Revision as of 06:13, 23 August 2021

Being the original load testing tool for servers, introduced in 1998(!), JMeter [1] has always been the number one load testing resp. performance measuring tool for Moodle. Around its release 2.5, Moodle developers made the testing process vastly simpler by adding many scripts. The topic of this page are the two scripts Make test course and Make JMeter test plan, both available under Site administration > Development. Together with the set of add-ons Moodle performance comparison they comprise a full set of load testing tools.

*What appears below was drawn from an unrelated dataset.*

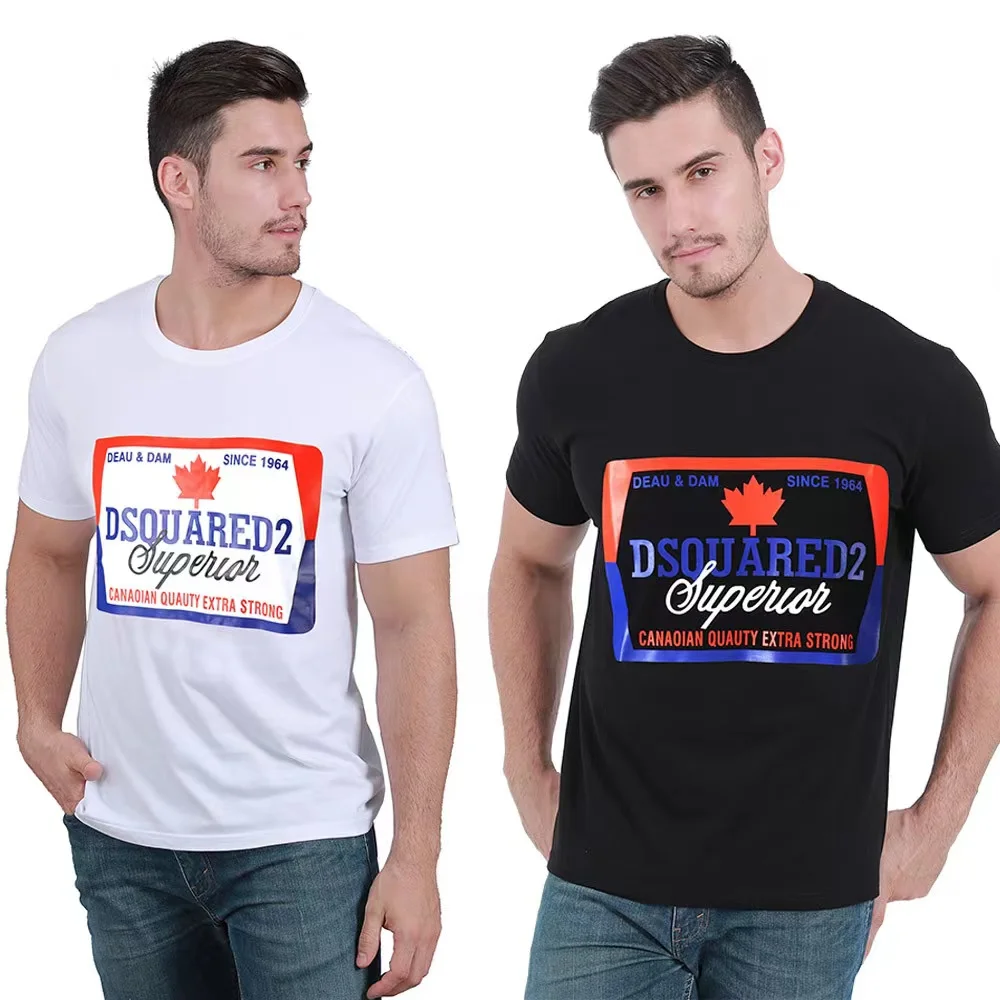 

Летние мужские футболки DSQ2ICOND2, мужские топы с коротким рукавом и принтом, модные повседневные свободные футболки из 100% хлопка с коротким ру...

Warning: Do not run these scripts on a production system! These scripts generate large amounts of artificial data and load the server to its limit and beyond, making it to bloat and become non-responsive. Don't even run them on a separate Moodle instance in the production server: their effect on the DBMS is undocumented.

Make test course

(Moved to https://docs.moodle.org/39/en/Test_course_generator)

Make JMeter test plan

(Moved to https://docs.moodle.org/39/en/JMeter_test_plan_generator)

Running the test plan on JMeter

JMeter is a Java application so it can run on Windows, Mac, or Linux. It can be run on the command line or on its graphical client on your desktop. First check if Java is installed in your client computer by opening a console and entering ' java -version'. If it doesn't return a version, first install Java on your client. The instructions vary with the operating system.

To install JMeter go to the JMeter page, download the zip and unzip it to the directory of your choice.

To run JMeter. open the /bin subdirectory and use either jmeter.bat on Windows or ./jmeter on Linux. This will open the JMeter GUI.

First step is to go to File -> Open and select the testplan.jmx file. This will open a tree on the left hand side of JMeter. Open the Warm-up site -> Default site request and enter the protocol (http or https) and Server name or IP. Then go to CSV Users Data and locate your users.csv file under Filename. Repeat this for Moodle Test.